§ The records
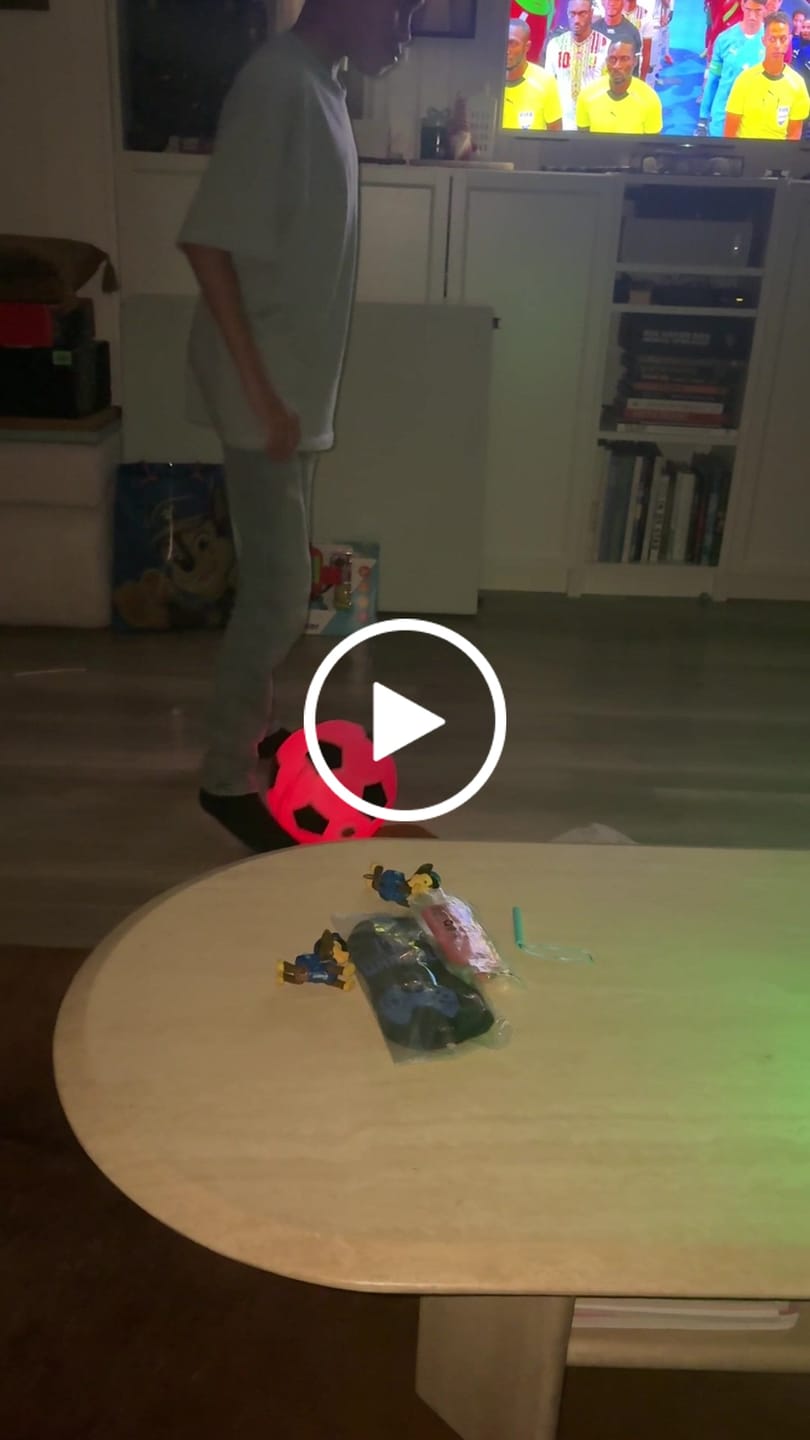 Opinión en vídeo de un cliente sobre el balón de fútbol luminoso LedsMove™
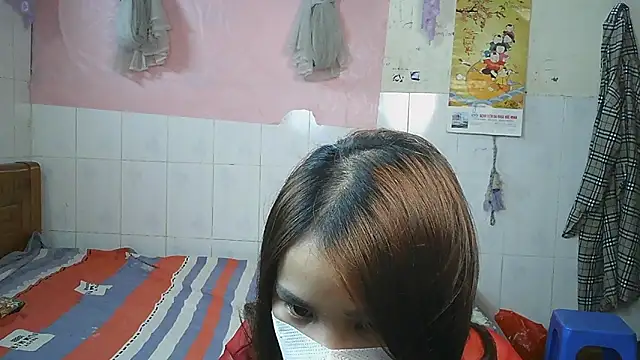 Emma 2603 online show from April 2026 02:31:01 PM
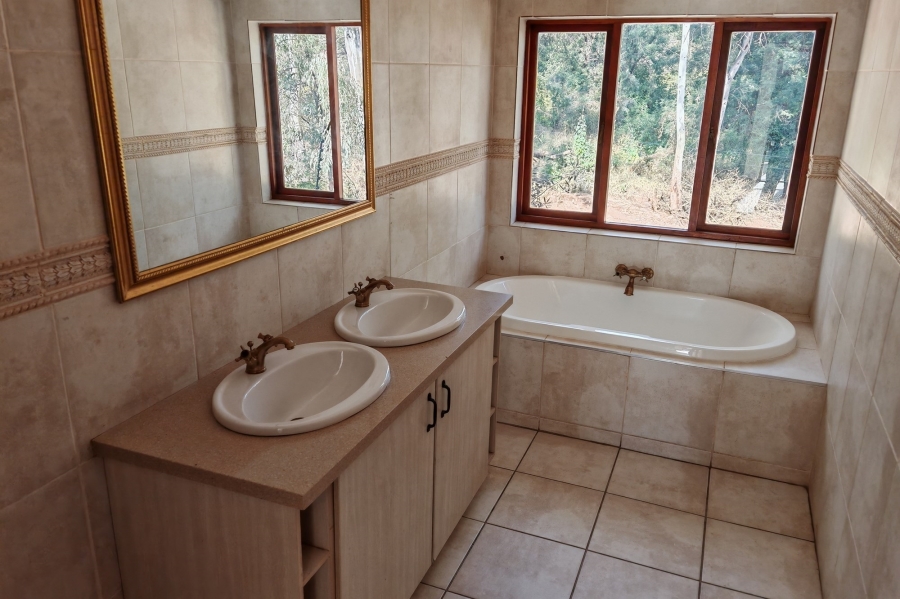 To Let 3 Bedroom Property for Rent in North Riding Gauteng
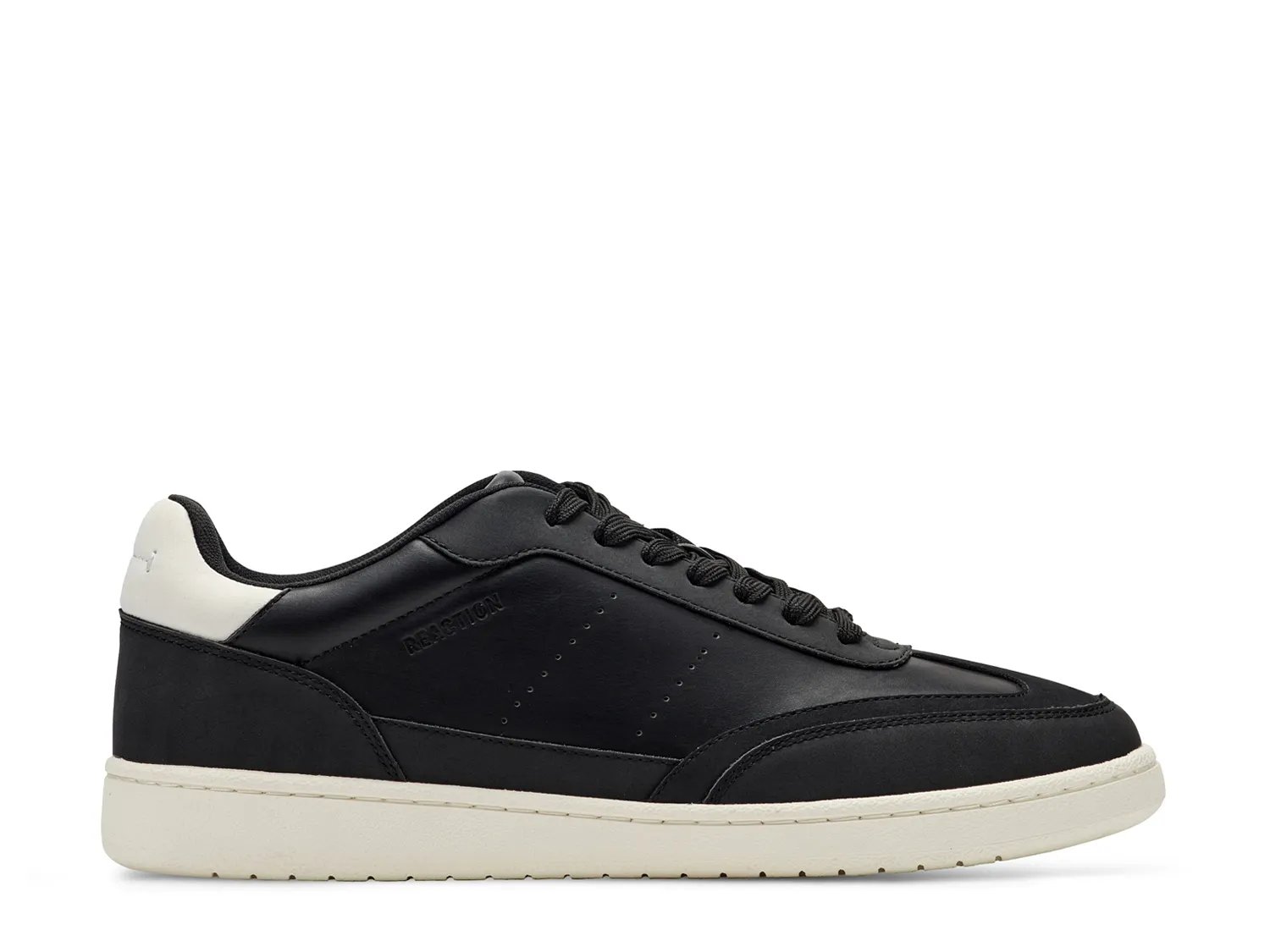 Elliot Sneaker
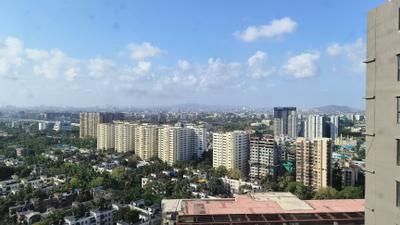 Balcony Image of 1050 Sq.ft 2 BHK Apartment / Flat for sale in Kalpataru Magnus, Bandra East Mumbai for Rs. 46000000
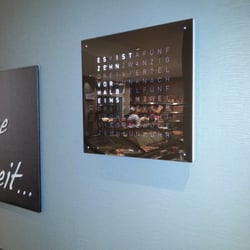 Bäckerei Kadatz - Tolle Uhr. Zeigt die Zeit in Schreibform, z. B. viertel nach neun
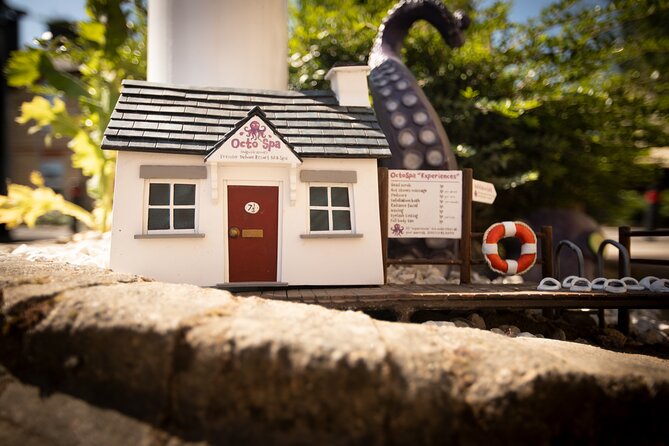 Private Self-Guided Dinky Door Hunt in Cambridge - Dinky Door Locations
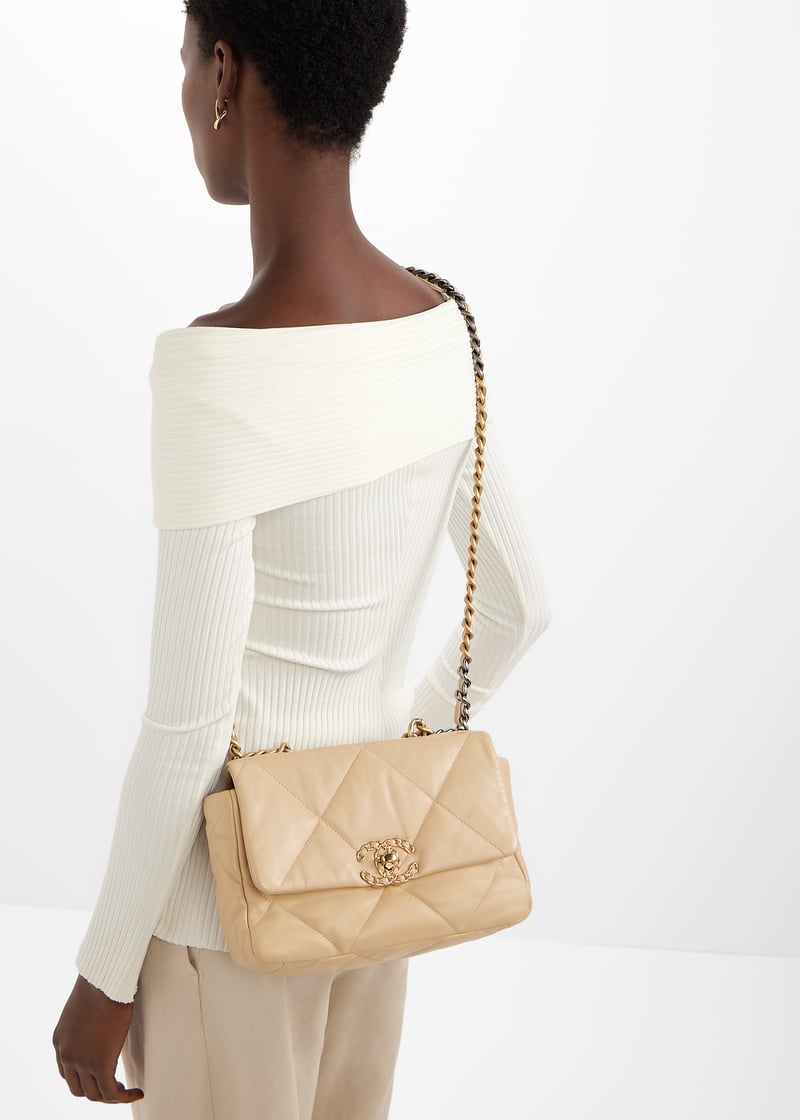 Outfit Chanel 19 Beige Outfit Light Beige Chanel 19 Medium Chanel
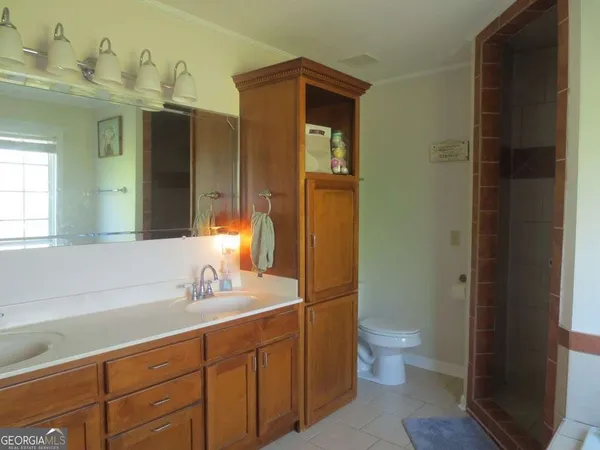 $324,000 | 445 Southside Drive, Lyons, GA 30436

§ Task objective
Please return all of the entries word for word, excluding the pictures.

§ Problem solution
 Opinión en vídeo de un cliente sobre el balón de fútbol luminoso LedsMove™
 Emma 2603 online show from April 2026 02:31:01 PM
 To Let 3 Bedroom Property for Rent in North Riding Gauteng
 Elliot Sneaker
 Balcony Image of 1050 Sq.ft 2 BHK Apartment / Flat for sale in Kalpataru Magnus, Bandra East Mumbai for Rs. 46000000
 Bäckerei Kadatz - Tolle Uhr. Zeigt die Zeit in Schreibform, z. B. viertel nach neun
 Private Self-Guided Dinky Door Hunt in Cambridge - Dinky Door Locations
 Outfit Chanel 19 Beige Outfit Light Beige Chanel 19 Medium Chanel
 $324,000 | 445 Southside Drive, Lyons, GA 30436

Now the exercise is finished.